» **ASSIGNMENT**:
In the data below, begin at the line with "22035 BELGIAN COURT" and stop after the line with "कार्रवाई नहीं अवैध"; output those lines exactly and no pictures.

» **SUPPLIED ENTRIES**:
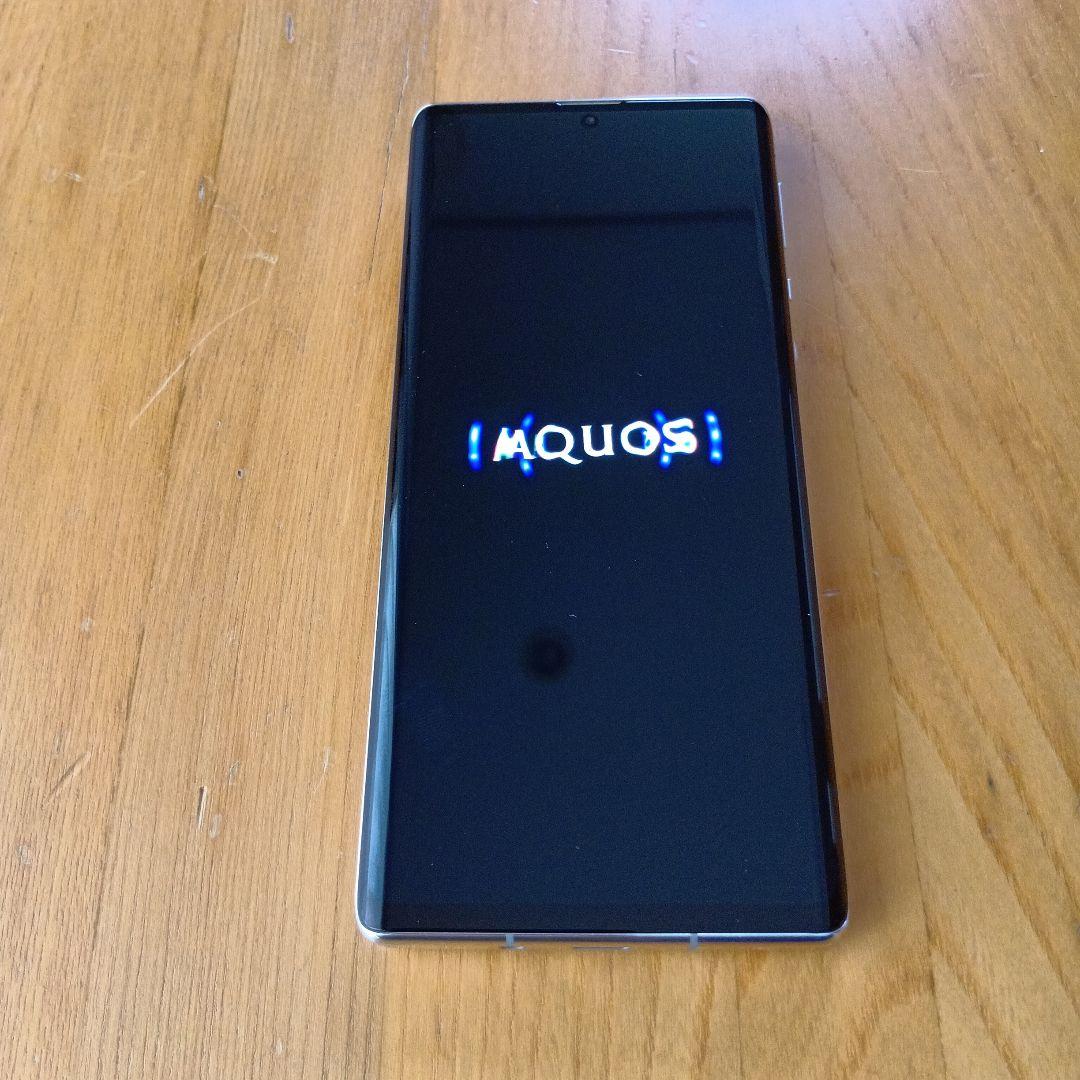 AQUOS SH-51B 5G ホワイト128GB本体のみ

==

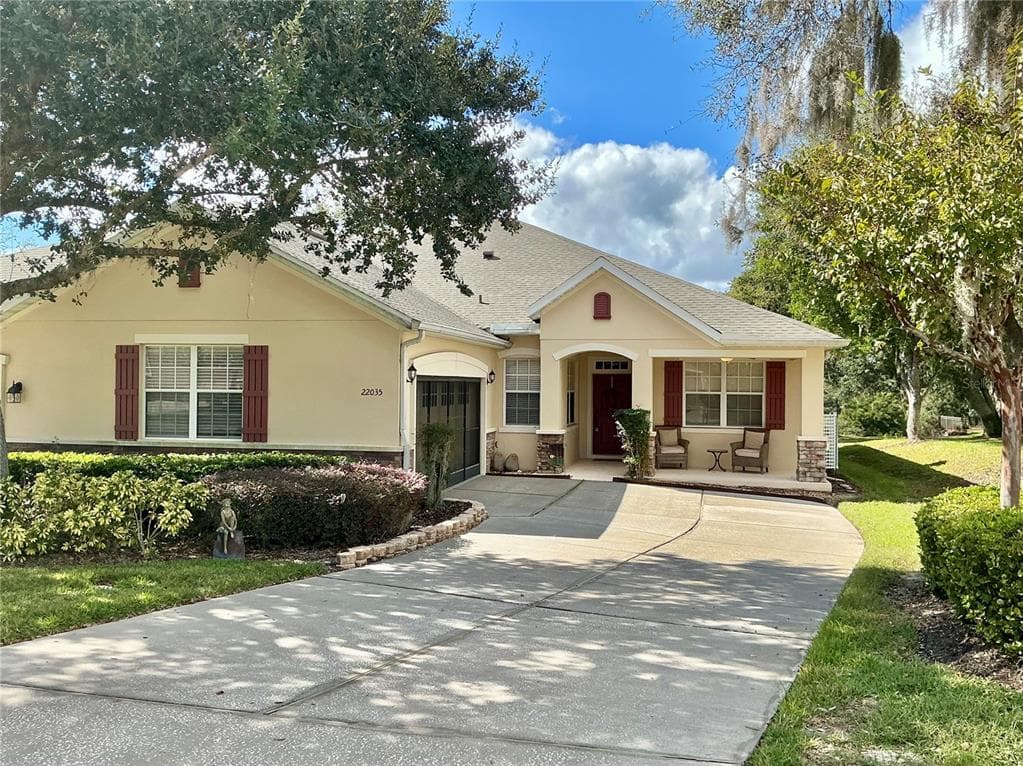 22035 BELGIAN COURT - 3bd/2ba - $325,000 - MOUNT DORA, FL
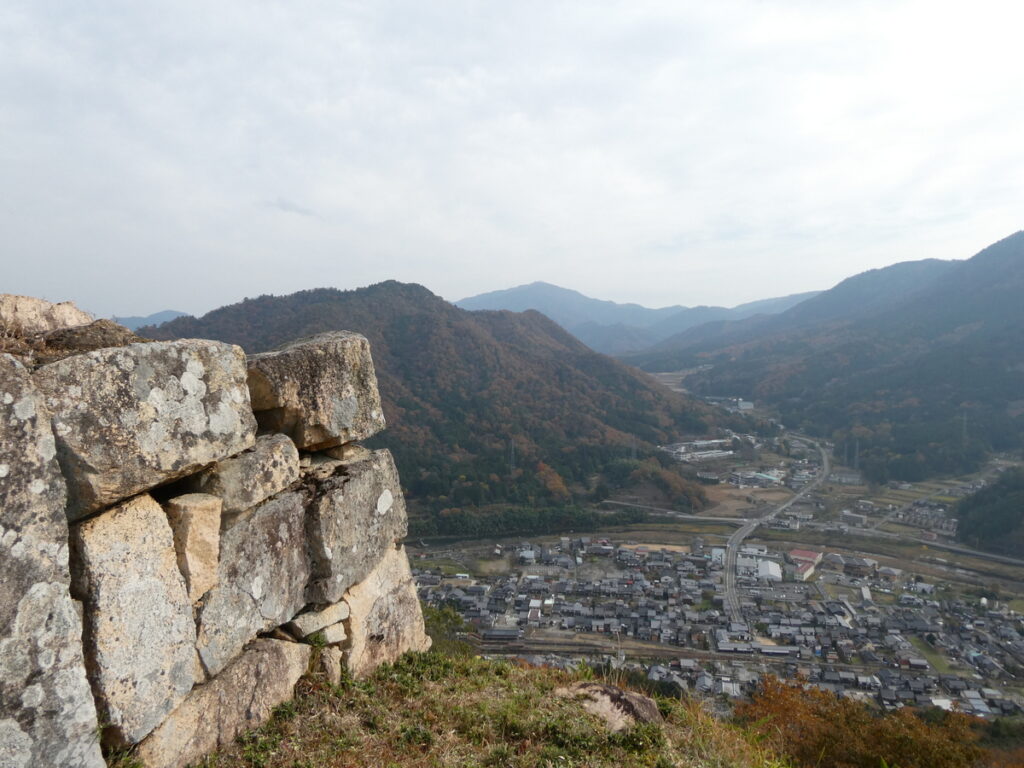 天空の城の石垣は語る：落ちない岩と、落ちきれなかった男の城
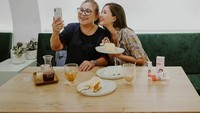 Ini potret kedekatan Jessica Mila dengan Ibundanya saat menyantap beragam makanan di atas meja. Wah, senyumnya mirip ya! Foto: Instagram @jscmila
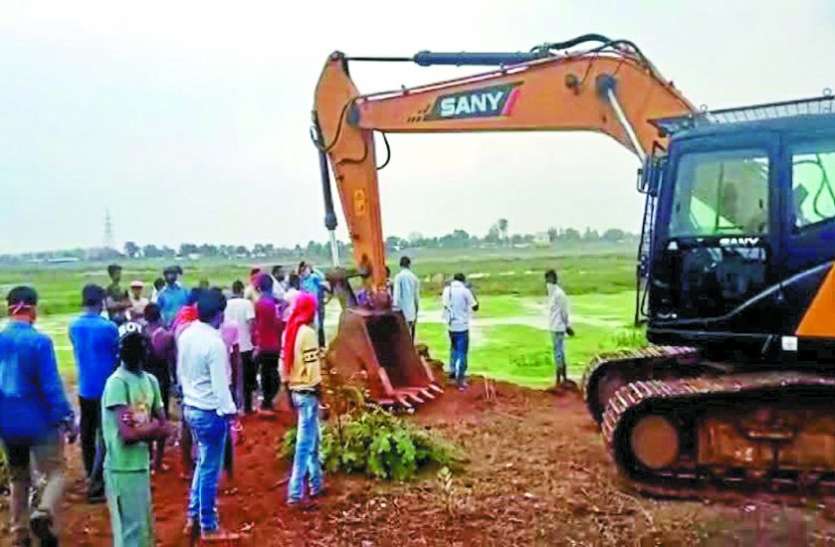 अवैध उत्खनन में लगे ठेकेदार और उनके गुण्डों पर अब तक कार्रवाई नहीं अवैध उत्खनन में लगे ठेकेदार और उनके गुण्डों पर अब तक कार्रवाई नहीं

» **ANSWER AREA**:
 22035 BELGIAN COURT - 3bd/2ba - $325,000 - MOUNT DORA, FL
 天空の城の石垣は語る：落ちない岩と、落ちきれなかった男の城
 Ini potret kedekatan Jessica Mila dengan Ibundanya saat menyantap beragam makanan di atas meja. Wah, senyumnya mirip ya! Foto: Instagram @jscmila
 अवैध उत्खनन में लगे ठेकेदार और उनके गुण्डों पर अब तक कार्रवाई नहीं अवैध उत्खनन में लगे ठेकेदार और उनके गुण्डों पर अब तक कार्रवाई नहीं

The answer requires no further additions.